>PhysX has been added to the PC version of Batman with the v1.1 update. It does not ship with PhysX settings out of the box. Once installed you are provided several options for PhysX – Off, Normal, or High with various card recommendations.

The nVidia drivers allow you to change the PhysX settings – turning optimization on or off as well as the ability to choose which card handles the PhysX acceleration. I had thought offloading PhysX from my 2 x 285GTX2G cards working in SLi to the built-in 980a/780a would make things faster:

However, after applying the v1.1 w/ patch PhysX Batman, Normal PhysX was enabled. I was suddenly getting very low framerates (15fps). I turned on the “Show SLI Indicators” in the 3D settings menu so I could see how hard each of the video cards were working. They were both very low, indicating the cards were not working up to their ability, yet things were still slow. CPU usage hadn’t spiked high enough to be a bottleneck and memory was free and clear.

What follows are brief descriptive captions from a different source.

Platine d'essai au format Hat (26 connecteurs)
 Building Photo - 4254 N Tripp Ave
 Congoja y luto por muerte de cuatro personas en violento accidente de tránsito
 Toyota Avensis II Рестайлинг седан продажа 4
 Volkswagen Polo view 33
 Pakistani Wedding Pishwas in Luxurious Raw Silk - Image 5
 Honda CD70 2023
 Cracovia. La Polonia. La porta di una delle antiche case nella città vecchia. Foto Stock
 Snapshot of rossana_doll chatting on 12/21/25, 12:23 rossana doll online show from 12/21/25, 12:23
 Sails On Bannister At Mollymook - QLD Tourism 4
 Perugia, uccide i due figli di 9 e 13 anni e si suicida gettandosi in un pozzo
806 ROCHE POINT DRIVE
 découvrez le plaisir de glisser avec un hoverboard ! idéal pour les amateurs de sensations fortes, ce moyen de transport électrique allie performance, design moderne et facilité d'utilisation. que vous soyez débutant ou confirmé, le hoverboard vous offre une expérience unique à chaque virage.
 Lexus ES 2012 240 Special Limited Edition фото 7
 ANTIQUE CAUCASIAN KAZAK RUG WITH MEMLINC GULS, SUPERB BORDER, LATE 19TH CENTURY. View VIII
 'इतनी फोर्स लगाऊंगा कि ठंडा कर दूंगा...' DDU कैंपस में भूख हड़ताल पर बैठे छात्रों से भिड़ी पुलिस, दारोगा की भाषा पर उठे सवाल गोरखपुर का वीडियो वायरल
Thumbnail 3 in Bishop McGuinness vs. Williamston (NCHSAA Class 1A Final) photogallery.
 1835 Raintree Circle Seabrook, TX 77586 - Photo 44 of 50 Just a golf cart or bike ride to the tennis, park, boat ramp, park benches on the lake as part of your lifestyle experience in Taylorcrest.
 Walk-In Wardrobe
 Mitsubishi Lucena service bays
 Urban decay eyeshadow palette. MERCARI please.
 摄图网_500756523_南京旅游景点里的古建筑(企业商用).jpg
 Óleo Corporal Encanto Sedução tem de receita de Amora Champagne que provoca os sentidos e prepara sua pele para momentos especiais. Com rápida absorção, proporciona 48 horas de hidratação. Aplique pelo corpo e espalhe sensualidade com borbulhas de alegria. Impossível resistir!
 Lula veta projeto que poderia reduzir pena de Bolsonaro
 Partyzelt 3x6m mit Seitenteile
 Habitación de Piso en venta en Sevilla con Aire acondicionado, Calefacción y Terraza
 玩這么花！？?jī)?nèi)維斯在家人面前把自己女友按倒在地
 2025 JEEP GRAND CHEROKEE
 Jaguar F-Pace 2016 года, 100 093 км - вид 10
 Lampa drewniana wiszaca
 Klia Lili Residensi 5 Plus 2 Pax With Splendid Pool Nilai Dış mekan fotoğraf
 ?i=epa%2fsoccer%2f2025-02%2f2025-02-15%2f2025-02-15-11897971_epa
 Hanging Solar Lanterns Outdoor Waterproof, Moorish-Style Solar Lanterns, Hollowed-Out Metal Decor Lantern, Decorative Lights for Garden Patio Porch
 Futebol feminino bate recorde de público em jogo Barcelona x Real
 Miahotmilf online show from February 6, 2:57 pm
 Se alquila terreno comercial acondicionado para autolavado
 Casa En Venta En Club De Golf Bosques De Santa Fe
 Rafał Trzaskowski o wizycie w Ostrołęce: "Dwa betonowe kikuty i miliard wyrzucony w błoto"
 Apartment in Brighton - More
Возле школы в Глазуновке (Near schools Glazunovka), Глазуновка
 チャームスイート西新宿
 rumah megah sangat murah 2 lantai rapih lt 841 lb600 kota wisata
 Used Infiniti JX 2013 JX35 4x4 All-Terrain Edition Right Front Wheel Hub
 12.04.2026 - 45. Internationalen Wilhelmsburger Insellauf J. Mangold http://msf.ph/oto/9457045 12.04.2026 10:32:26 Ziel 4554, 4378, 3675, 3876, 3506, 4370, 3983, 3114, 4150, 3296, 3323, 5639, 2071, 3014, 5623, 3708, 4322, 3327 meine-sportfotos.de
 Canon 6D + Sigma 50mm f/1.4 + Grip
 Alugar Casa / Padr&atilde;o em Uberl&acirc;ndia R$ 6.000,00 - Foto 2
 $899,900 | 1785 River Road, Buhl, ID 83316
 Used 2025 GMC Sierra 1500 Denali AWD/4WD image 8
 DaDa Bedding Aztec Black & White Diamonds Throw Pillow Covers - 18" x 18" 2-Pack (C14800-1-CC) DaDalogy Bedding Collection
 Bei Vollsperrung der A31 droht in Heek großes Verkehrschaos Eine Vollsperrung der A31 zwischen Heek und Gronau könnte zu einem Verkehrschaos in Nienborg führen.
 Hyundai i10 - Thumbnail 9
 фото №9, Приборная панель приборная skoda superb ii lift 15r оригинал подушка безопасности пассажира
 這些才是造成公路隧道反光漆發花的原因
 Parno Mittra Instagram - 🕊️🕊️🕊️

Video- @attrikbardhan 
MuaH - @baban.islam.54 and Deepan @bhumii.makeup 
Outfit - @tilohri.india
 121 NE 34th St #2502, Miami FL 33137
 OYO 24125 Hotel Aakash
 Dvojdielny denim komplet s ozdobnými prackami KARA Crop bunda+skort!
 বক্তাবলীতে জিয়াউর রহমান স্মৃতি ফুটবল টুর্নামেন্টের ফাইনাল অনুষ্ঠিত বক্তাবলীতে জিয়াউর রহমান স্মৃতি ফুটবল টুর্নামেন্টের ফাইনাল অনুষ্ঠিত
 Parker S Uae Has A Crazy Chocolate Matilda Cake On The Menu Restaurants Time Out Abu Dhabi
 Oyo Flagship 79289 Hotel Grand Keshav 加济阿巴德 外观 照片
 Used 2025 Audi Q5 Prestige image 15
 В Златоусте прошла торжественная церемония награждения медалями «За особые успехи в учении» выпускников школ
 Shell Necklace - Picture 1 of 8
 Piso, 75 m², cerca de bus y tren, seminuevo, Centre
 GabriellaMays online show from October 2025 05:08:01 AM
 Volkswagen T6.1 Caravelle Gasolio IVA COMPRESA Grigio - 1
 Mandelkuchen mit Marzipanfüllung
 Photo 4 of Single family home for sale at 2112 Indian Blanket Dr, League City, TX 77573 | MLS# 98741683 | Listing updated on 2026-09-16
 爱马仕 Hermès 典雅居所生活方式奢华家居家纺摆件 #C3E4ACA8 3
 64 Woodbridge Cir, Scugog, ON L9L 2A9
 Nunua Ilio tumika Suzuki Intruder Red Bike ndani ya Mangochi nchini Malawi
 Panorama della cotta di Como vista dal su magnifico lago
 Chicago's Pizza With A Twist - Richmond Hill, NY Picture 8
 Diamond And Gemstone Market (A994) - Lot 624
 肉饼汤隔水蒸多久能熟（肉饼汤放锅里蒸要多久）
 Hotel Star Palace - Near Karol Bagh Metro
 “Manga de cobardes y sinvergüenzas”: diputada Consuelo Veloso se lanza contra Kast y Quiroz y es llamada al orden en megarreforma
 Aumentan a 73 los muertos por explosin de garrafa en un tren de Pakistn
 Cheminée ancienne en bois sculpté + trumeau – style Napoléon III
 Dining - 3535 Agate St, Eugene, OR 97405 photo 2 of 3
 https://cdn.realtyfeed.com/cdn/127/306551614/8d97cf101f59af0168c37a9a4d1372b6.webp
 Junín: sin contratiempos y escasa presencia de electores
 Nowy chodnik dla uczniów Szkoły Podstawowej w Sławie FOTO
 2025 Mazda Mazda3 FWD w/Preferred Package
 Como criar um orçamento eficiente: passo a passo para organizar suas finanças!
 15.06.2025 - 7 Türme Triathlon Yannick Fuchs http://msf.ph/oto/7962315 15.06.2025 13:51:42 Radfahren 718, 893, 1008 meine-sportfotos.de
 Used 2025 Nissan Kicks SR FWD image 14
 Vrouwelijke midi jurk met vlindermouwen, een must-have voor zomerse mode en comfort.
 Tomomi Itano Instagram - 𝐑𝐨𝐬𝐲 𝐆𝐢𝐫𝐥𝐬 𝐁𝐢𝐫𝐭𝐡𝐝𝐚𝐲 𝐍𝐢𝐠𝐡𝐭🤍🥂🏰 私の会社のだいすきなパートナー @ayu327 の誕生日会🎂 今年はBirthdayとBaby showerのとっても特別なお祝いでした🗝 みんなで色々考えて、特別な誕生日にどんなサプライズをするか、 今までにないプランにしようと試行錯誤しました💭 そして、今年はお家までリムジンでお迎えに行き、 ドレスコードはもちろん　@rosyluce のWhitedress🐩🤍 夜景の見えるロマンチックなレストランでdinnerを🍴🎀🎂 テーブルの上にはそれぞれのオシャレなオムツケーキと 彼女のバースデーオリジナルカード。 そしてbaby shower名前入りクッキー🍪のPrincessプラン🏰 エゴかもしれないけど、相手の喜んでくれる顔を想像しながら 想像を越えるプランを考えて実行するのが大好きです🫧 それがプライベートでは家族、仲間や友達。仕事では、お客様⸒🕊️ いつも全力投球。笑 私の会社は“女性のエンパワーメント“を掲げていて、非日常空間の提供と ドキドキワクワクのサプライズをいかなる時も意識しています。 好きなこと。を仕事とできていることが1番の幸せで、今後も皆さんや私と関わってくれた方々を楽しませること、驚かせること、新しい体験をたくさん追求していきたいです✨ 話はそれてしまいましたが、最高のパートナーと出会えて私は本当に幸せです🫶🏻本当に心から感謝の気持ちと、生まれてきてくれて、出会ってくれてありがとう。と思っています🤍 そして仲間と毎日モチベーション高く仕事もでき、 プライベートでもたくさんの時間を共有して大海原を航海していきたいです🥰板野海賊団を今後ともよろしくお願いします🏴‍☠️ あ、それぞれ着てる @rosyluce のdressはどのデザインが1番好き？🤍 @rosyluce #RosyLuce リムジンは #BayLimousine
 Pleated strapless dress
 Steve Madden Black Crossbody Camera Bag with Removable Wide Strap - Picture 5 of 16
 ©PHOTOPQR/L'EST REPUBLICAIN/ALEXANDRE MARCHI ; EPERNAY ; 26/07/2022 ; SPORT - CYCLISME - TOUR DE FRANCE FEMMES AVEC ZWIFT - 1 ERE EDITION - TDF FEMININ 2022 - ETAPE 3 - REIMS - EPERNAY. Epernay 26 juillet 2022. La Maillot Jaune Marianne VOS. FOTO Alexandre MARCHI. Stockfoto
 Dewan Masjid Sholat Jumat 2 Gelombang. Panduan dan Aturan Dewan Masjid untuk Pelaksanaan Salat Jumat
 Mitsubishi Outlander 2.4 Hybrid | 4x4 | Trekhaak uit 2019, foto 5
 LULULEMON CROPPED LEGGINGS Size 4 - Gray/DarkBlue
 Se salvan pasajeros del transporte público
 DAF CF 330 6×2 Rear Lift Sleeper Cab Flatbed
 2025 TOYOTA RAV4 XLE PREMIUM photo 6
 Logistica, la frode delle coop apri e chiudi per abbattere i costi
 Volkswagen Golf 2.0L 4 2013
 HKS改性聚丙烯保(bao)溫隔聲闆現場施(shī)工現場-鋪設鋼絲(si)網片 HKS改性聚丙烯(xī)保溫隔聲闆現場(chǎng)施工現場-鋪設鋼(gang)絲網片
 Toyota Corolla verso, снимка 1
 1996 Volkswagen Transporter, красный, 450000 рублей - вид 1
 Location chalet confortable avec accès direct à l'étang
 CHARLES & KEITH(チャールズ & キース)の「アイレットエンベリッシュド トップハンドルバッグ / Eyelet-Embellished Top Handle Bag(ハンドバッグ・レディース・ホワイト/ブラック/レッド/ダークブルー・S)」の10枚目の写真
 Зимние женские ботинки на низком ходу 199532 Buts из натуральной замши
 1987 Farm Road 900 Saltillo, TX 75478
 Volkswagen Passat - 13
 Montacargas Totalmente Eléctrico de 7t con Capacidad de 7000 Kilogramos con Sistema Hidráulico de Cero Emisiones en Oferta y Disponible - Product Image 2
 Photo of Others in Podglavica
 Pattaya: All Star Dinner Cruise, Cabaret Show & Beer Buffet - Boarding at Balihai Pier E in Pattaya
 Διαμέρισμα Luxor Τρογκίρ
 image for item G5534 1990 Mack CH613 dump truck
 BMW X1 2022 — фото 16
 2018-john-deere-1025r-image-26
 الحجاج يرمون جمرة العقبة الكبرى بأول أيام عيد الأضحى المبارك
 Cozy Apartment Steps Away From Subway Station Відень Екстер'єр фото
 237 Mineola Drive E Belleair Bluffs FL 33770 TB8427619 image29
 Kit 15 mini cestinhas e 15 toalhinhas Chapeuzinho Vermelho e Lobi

It appeared having the PhysX on the older (and slower) chipset was slowing everything down. To test the theory I turned off PhysX and was getting framerates in the high 50s. It certainly was PhysX related.

I turned PhysX back on, normal setting and in the nVidia control panel I changed the setting to enable PhysX on the 285s instead of the 980a/780a. When I tried it again PhysX was visibily running, fallen leaves moving under your feet accompanied by smooth framerates between 55 to 60fps.

Based on this experience it appears that having PhysX enabled on an older chipsets may actually decrease performance over having PhysX enabled on the same video card(s) doing the graphics processing.